"Straight to Hell" is a song by the Clash, from their album Combat Rock. It was released as a double A-side single with "Should I Stay or Should I Go" on 17 September 1982 in 12" and 7" vinyl format (the 7" vinyl is also available as a picture disc).

Writing and recording 
"Straight to Hell" was written and recorded towards the very end of the Clash's New York recording sessions for the Combat Rock album.

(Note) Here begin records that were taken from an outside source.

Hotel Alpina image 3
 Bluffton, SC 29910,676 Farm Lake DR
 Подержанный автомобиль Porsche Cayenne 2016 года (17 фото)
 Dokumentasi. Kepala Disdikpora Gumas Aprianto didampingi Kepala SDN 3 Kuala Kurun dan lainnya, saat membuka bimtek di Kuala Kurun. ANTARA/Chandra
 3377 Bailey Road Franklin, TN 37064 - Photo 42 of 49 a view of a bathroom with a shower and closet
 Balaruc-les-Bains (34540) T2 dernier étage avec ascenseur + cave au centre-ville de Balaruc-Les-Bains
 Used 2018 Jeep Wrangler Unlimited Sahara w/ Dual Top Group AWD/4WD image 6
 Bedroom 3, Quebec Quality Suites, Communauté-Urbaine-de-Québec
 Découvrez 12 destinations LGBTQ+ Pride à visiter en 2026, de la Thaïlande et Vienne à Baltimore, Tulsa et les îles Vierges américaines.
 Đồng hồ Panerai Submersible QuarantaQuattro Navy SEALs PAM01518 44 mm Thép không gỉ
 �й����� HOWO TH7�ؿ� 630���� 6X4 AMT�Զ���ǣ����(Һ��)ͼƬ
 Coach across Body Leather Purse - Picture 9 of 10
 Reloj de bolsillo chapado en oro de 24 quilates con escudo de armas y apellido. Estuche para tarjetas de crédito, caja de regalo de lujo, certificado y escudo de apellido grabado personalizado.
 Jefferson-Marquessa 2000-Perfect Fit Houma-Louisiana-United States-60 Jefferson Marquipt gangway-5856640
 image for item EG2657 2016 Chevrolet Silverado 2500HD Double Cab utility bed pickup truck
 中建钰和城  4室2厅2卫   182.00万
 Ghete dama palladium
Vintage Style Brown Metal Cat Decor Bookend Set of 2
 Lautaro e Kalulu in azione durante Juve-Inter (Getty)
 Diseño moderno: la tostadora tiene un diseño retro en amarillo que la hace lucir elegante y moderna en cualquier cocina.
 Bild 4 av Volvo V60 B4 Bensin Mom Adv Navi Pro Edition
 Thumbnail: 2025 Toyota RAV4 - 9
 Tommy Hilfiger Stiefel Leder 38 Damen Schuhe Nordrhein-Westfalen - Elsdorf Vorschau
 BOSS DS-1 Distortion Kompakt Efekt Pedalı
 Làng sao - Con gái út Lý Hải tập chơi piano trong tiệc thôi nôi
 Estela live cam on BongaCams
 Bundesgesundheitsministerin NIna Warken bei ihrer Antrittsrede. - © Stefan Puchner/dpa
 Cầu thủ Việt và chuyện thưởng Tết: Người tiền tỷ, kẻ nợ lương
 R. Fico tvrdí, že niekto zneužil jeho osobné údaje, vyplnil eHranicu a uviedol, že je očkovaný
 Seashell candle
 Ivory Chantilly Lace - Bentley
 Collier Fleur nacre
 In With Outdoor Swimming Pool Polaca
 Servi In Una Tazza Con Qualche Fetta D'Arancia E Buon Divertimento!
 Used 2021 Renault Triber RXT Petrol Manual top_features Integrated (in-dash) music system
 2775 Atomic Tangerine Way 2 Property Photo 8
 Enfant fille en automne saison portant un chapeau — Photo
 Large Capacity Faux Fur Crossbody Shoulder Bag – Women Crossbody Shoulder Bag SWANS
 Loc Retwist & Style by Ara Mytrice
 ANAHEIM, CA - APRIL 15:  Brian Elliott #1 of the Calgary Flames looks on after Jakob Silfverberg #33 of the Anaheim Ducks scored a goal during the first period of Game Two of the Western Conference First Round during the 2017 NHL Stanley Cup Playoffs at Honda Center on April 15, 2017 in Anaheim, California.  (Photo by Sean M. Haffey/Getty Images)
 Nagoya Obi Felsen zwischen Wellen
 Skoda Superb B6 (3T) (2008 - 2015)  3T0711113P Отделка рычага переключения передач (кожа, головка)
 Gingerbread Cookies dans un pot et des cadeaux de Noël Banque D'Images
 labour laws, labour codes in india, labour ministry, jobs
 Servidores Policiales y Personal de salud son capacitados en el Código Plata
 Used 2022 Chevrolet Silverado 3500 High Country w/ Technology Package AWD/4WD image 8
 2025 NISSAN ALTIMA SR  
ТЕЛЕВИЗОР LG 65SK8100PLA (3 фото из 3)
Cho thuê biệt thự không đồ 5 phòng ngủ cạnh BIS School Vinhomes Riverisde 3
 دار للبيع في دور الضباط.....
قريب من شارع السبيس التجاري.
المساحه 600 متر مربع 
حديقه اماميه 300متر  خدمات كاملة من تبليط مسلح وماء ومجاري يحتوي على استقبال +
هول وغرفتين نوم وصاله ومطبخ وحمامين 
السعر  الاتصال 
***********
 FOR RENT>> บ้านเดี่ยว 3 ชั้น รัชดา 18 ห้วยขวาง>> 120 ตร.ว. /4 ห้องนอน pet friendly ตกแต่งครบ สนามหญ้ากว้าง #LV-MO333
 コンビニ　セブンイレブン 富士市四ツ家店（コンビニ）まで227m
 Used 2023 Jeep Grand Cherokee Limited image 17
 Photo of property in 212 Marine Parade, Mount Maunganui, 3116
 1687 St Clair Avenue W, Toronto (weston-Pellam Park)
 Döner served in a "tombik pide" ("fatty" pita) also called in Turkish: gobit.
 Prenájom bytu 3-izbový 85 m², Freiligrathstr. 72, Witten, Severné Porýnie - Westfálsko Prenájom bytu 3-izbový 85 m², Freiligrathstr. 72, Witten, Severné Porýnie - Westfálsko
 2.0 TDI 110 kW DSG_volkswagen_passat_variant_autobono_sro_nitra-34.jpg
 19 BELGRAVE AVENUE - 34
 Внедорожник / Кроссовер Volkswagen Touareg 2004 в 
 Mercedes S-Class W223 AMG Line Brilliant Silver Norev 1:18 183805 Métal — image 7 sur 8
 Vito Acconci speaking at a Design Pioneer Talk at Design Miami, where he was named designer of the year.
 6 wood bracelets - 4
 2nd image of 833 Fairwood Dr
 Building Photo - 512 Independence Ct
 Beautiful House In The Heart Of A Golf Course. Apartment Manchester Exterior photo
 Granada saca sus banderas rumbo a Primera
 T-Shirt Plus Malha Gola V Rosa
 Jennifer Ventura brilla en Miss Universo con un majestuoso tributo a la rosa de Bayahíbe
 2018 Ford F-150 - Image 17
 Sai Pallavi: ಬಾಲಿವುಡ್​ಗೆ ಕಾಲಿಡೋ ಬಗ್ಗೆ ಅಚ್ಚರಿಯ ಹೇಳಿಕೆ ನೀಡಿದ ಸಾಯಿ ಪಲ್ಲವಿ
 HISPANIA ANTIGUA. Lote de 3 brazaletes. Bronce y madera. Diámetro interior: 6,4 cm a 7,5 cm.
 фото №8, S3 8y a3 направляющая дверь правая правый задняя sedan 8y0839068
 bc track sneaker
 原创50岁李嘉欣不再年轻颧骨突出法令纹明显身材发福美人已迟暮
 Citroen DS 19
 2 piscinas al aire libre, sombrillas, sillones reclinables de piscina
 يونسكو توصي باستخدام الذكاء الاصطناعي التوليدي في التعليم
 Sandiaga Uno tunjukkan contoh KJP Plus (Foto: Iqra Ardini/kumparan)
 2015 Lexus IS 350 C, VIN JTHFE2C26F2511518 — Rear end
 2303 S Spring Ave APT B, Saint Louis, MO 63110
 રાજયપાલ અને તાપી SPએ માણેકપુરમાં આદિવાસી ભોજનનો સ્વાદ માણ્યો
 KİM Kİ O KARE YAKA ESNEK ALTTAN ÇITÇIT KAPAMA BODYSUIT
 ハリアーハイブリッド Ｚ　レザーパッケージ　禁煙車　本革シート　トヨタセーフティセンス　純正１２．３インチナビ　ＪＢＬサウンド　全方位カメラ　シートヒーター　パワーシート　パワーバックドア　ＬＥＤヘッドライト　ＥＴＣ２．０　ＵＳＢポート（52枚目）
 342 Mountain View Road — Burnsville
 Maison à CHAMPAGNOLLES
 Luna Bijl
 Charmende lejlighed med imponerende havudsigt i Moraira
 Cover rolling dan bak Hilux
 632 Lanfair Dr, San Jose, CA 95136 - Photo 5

Mick Jones' guitar technician Digby Cleaver describes the sessions as "a mad, creative rush" that occurred on 30 December 1981, the day before the Clash was due to fly out of New York on New Year's Eve 1981.

Joe Strummer reflected on this creative process in a 1991 piece about the track:

Lyrical themes 
"Straight to Hell" has been described by writer Pat Gilbert as being saturated by a "colonial melancholia and sadness".

Like many songs by the Clash, the lyrics of "Straight to Hell" decry injustice.  The first verse refers to the shutting down of steel mills in Northern England and unemployment spanning generations, it also considers the alienation of non-English speaking immigrants in British society.

The second verse concerns the abandonment of children in Vietnam who were fathered by American soldiers during the Vietnam War. The phrase "Amerasian Blues" is used, referring to an Amerasian child with an absent American father, "papa-san". The child has a photograph of his parents, and is pleading with his father to take him home to America. The child's plea is rejected. "-San" is a Japanese rather than Vietnamese honorific, but it was used by US troops in Vietnam who referred to Vietnamese men and women, especially older men and women, as "mama-san" or "papa-san".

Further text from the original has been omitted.